Task statement: Among the records that follow, find the line with "贊！公司年度專利授權量創歷史新高" and the line with "Female Angler Fish". Set down those lines and all lines between them exactly, without adding anything.

Supplied records:
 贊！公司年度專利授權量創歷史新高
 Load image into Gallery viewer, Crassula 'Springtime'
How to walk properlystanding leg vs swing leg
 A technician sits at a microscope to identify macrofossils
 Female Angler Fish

---

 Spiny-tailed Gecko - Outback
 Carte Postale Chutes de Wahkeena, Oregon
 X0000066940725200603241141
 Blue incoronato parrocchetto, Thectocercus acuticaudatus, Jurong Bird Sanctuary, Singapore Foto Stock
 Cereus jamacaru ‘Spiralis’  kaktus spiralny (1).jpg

Response to the task:
 贊！公司年度專利授權量創歷史新高
 Load image into Gallery viewer, Crassula 'Springtime'
How to walk properlystanding leg vs swing leg
 A technician sits at a microscope to identify macrofossils
 Female Angler Fish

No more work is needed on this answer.